Rep. Lee Zeldin (R-N.Y.) said he could not support the bill because it didn’t keep the entire state and local tax deduction. “Eliminating the SALT deduction would be a geographic redistribution of wealth, picking winners and losers,” Zeldin said in a statement.
Both of the limits introduced in the tax plan are targeted at deductions popular in blue states. “If you live in New York City, where you pay high taxes and where the cost of housing is pretty high, this is a double whammy,” said Howard Gleckman, a senior fellow at the Urban-Brookings Tax Policy Center.
There aren’t many people with mortgages over $500,000 — only about 1 million mortgages, or about 5 percent of mortgages that originated between 2012 and 2014, according to an analysis by the United for Homes campaign, which advocates for changes to the mortgage interest deduction.
Those mortgages are most common in solidly blue states. The District of Columbia tops the list, with 27 percent of mortgages over $500,000, followed by Hawaii, California, New York, Connecticut, Virginia, New Jersey, Maryland, Massachusetts, Washington and Illinois.
“Anything that’s going to impact the sacred mortgage deduction is going to have a significant impact on home values here in Connecticut, and on excitement about owning a home,” said Scott Cooney, regional vice president for the Connecticut Association of Realtors.

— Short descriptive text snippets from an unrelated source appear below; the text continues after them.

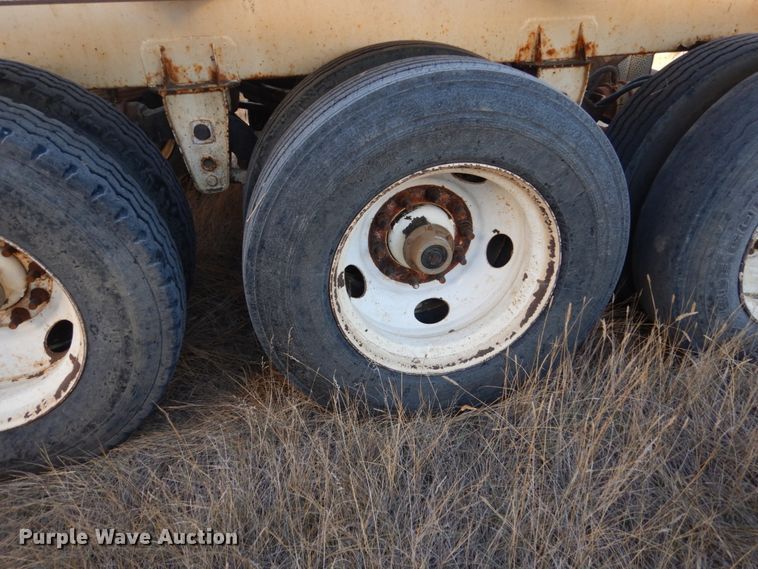 image for item HU9795 2009 Ranco bottom dump trailer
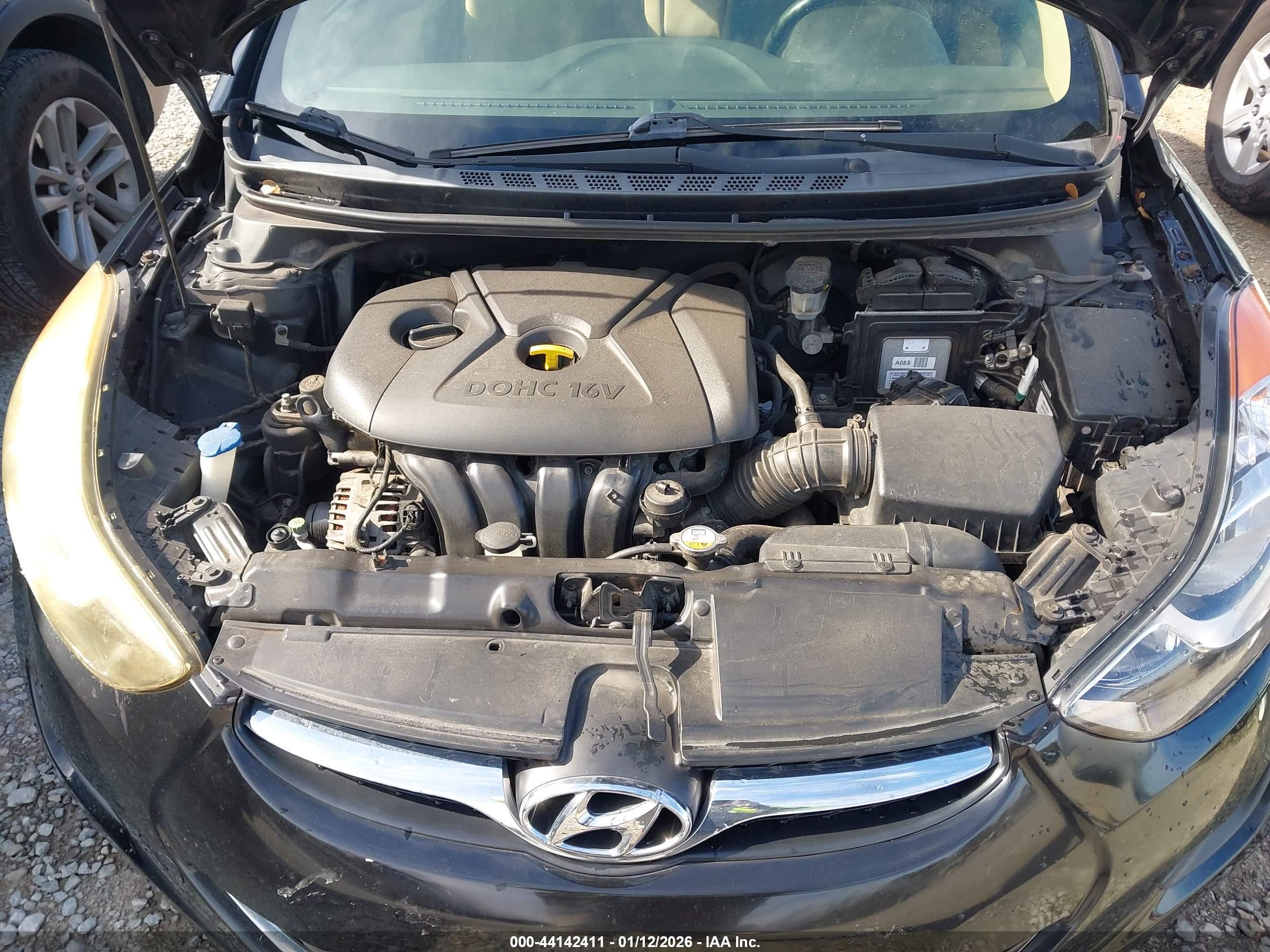 HYUNDAI ELANTRA image 10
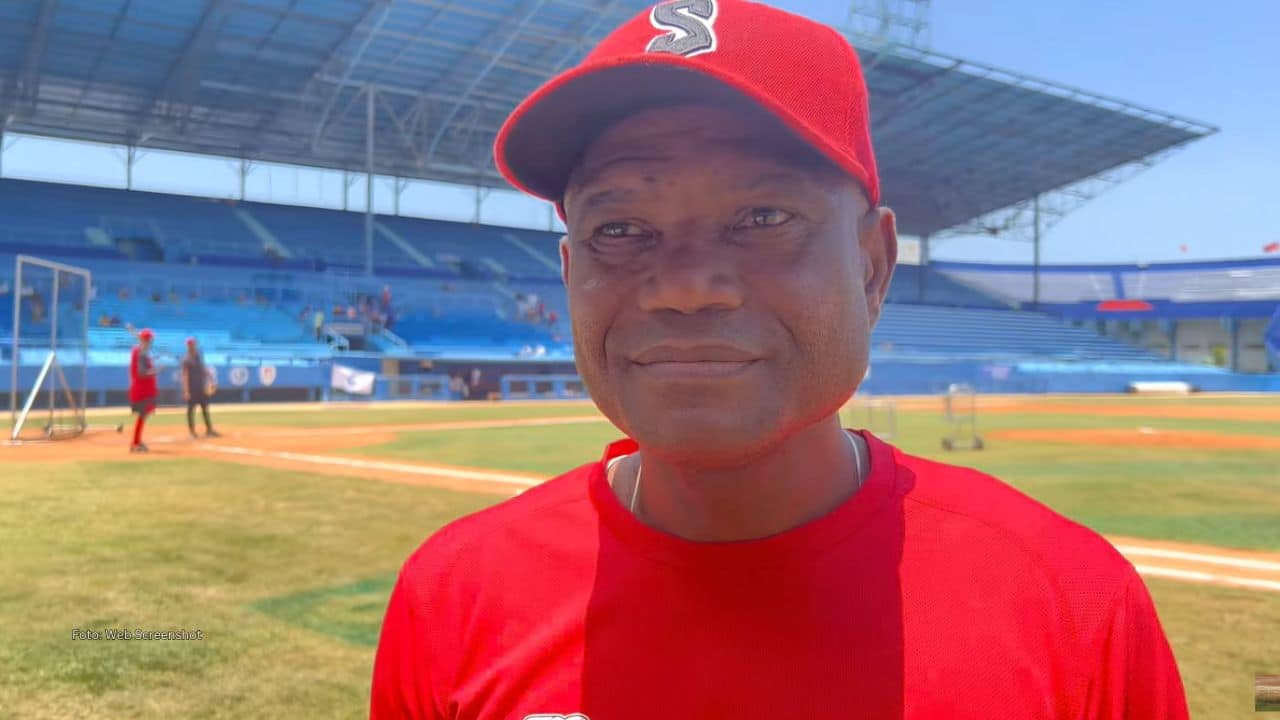 Beisbol cubano: El público indómito exigió severas sanciones para el estratega de Santiago de Cuba y al parecer serán complacidos.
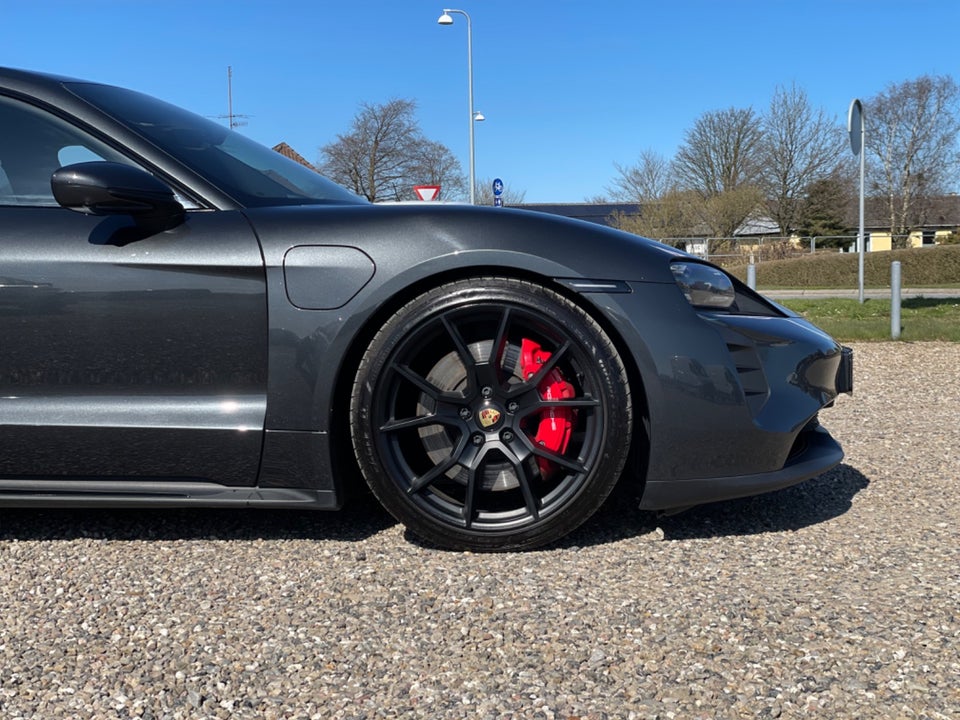 Porsche Taycan GTS Performance+ Sport Turismo 5d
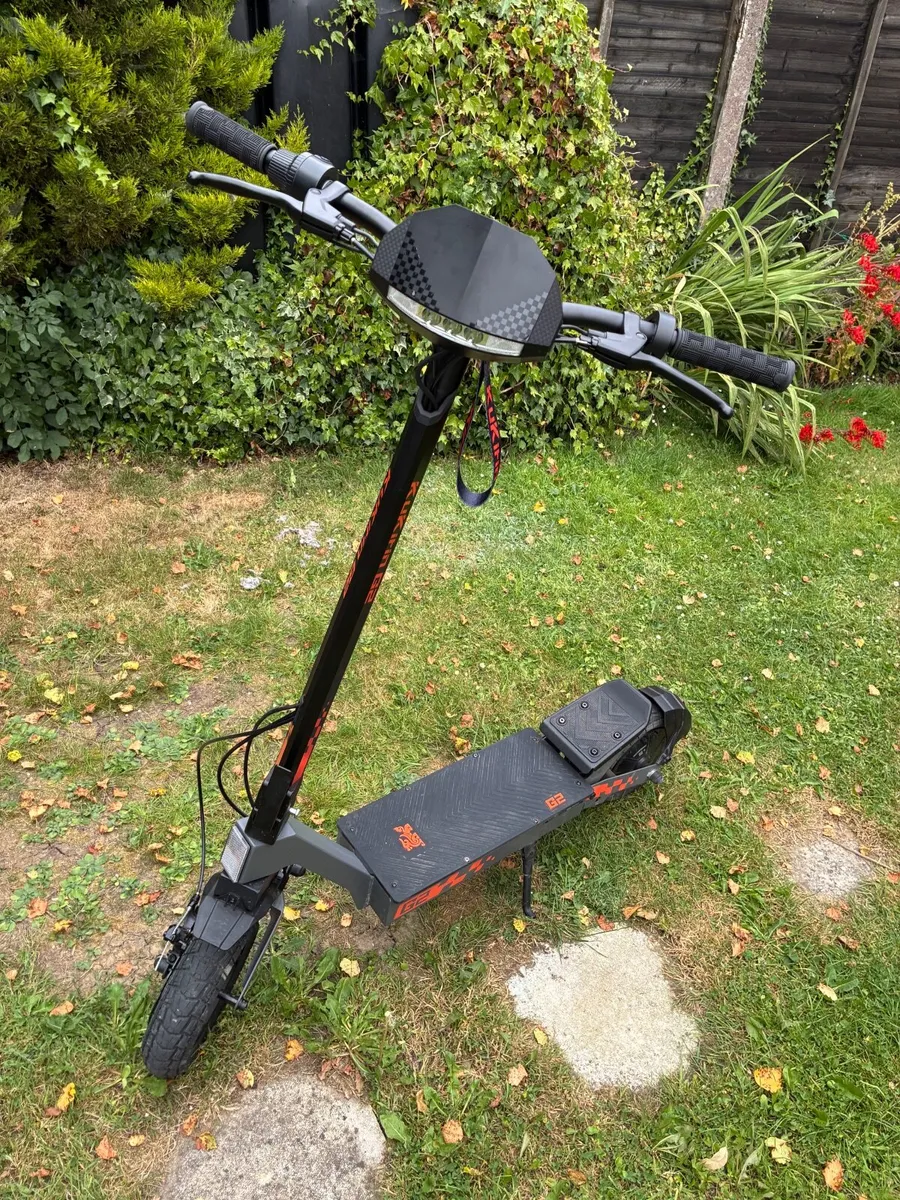 KuKirin G2 Electric Scooter - Image 1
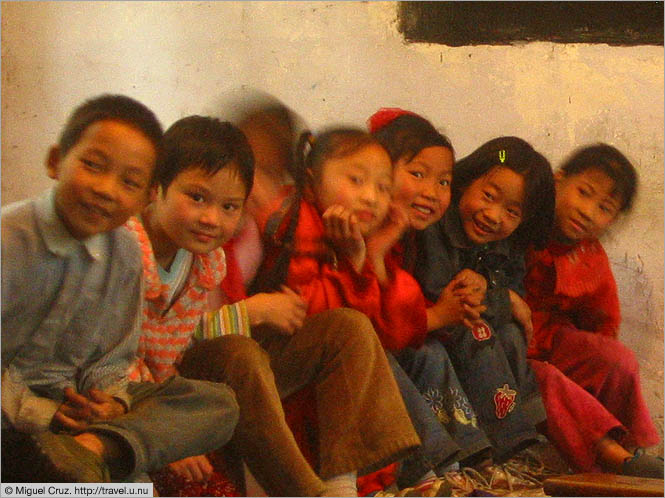 China: Sichuan Province: Rural schoolkids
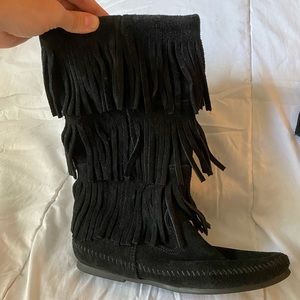 Minnetonka 3-Layer Fringe Boho Boots (Black)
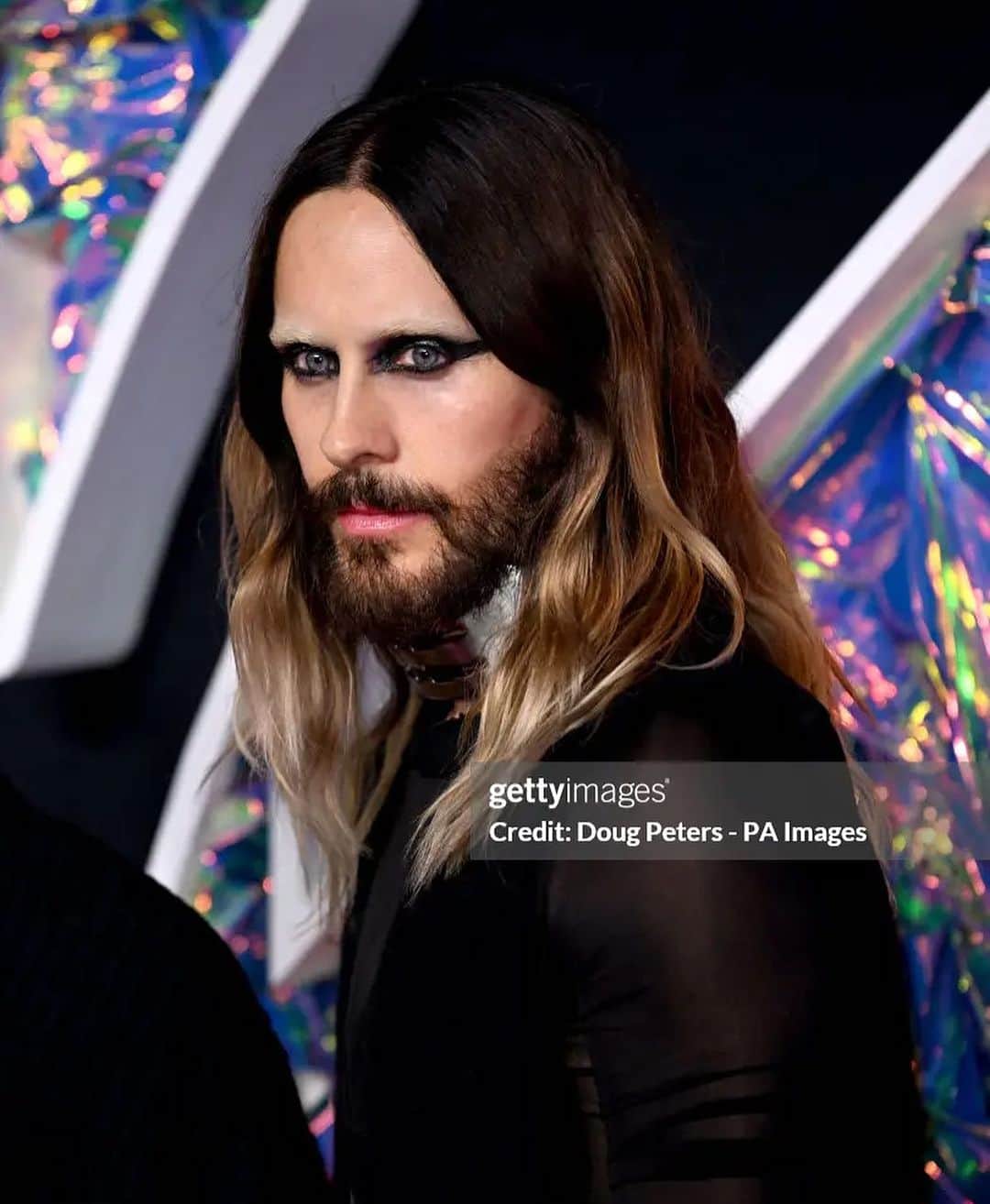 ジャレッド・レトのインスタグラム：「❤️‍🔥🖤❤️‍🔥🖤❤️‍🔥🖤❤️‍🔥  📸: Getty Images / Doug Peters - PA Images, Dimitrios Kambouris, Angela Weiss / Johnny Nunez   🕺🏻 @rickowensonline @paulsinclaire @claraleopard @laramiemakeup」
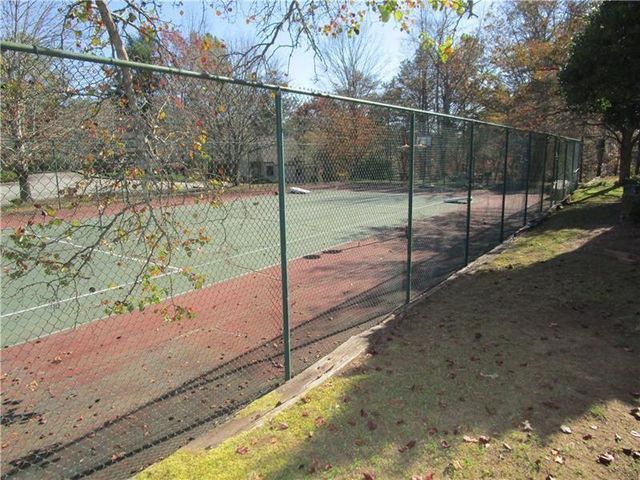 17 Dach Bruecke Gasse, Helen, GA 30545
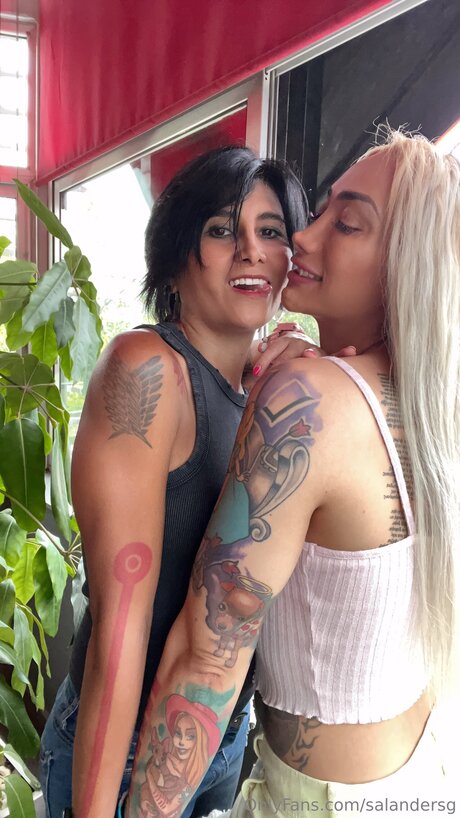 Salandersg hot model pictures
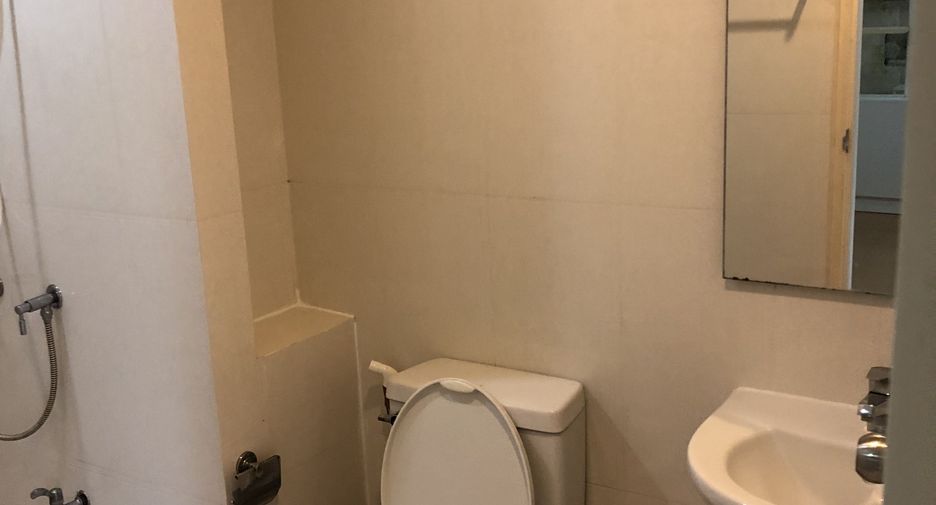 For rent 1 bed condo in Saphan Sung, Bangkok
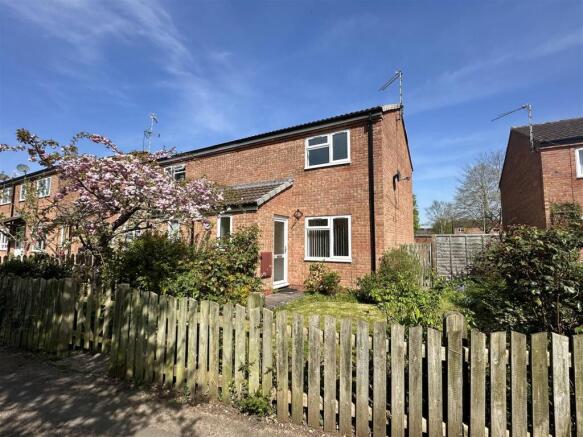 2 bed property, in Vallet Avenue, £240,000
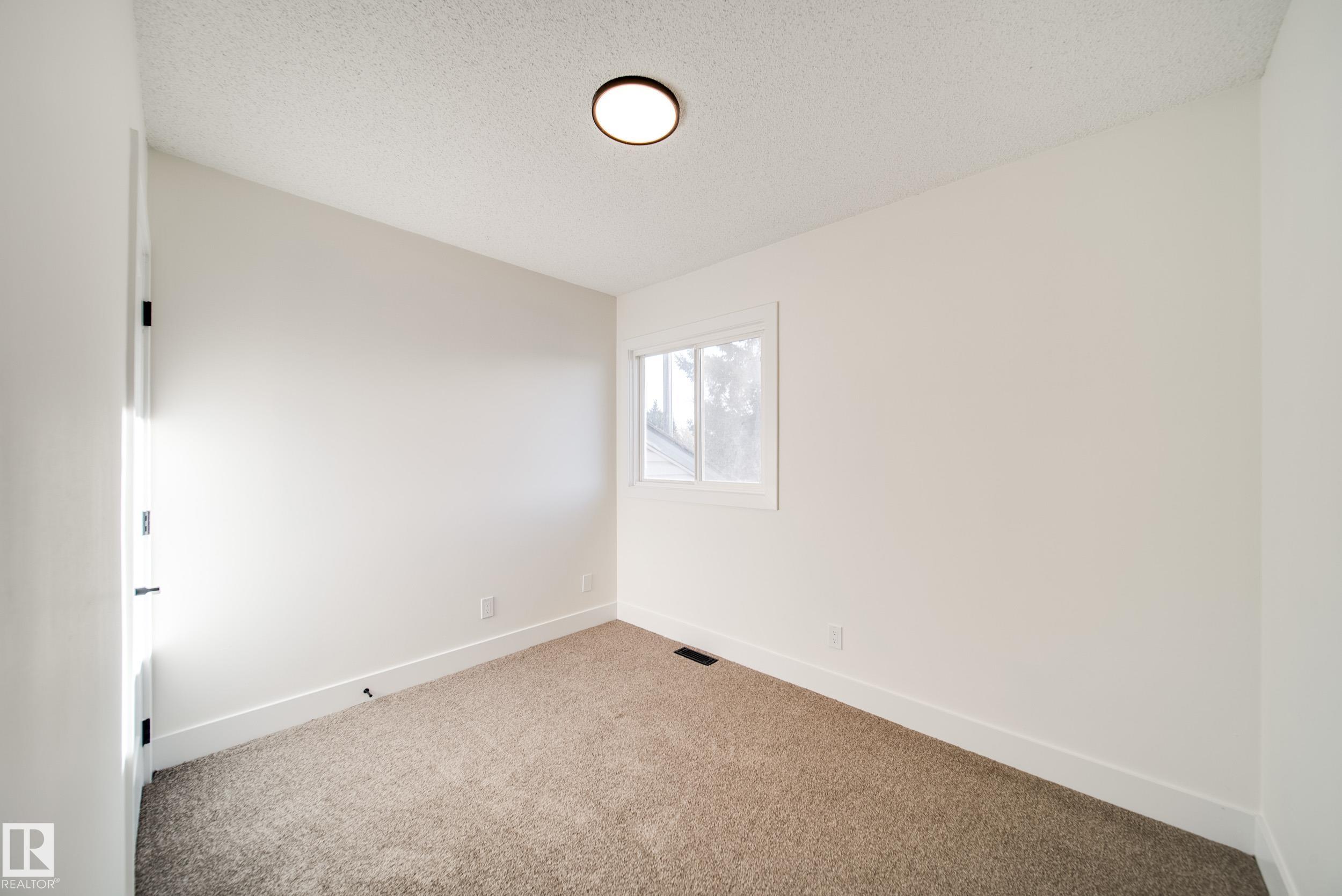 Photo 29 at 5394 38a Avenue NW, Greenview, Edmonton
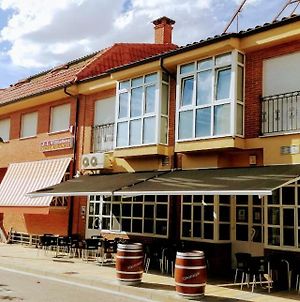 Hostal - Restaurante La Buena Villa By Vivere Stays Villalonquejar Exterior photo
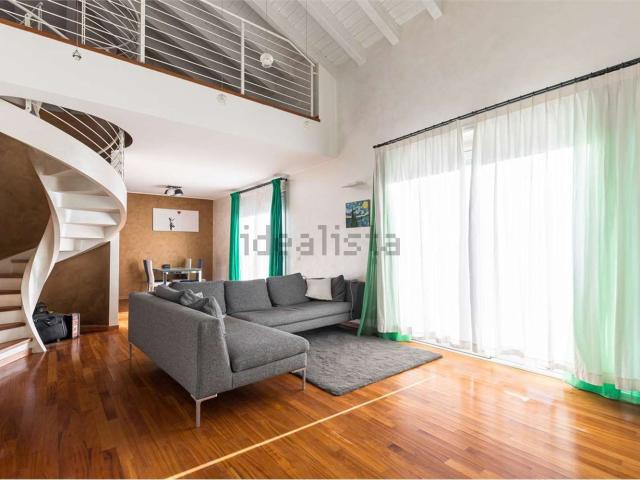 Casa in vendita a Verano Brianza, Lombardia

An analysis by the conservative Tax Foundation found that capping the mortgage interest deduction would raise $319 billion over a decade. The Tax Foundation also found that limiting the deduction would have the biggest effect in raising the taxes of people at the top of the income distribution, with very modest effects for people in the middle.
For people who make between about $49,000 and $88,000 per year, the cap could reduce after-tax income by less than a tenth of a percent.
Tendayi Kapfidze, chief economist for LendingTree, said that the tax plan could create an incentive for people who already own homes that cost more than $500,000 to stay in them, since existing homes would be grandfathered in and the new deduction limit would apply only to new home purchases.
“Say you own an $800,000 house and you’re thinking of moving or trading up. If you sell your $800,000 house and buy a new $800,000 house, you’ve just gotten a new tax bill,” Kapfidze said.
The deduction for state and local property taxes is also more commonly used in blue states — although high-income taxpayers who pay the alternative minimum tax are already barred from taking advantage of the property tax deduction.
“Anytime you’re essentially targeting state and local taxes of any kind, we know that tends to zero in on the likes of New York, New Jersey, California — and those are states that some of the Republicans in Congress are hostile to — and it’s a convenient target,” said Mark Hamrick, a senior economic analyst at Bankrate.com.
An analysis by the Tax Foundation showed that 37 percent of filers in Connecticut took a property-tax deduction, followed by Maryland, New Jersey, Massachusetts, Virginia and Oregon.
“I think the basic thing to say about this tax bill is, like most tax bills, it is very political,” Gleckman said. “This is just moving stuff around, raising taxes on some people, cutting taxes on some people — it’s all political.”
The National Association of Realtors has already begun its fight against the bill, with 105,000 members contacting their members of Congress, according to Evan Liddiard, senior policy representative for federal taxation.
Liddiard pointed out that Republicans and Democrats alike live in areas with high property taxes or home values. “We’re worried about the effect on middle-class homeowners, and not what party they belong to,” Liddiard said.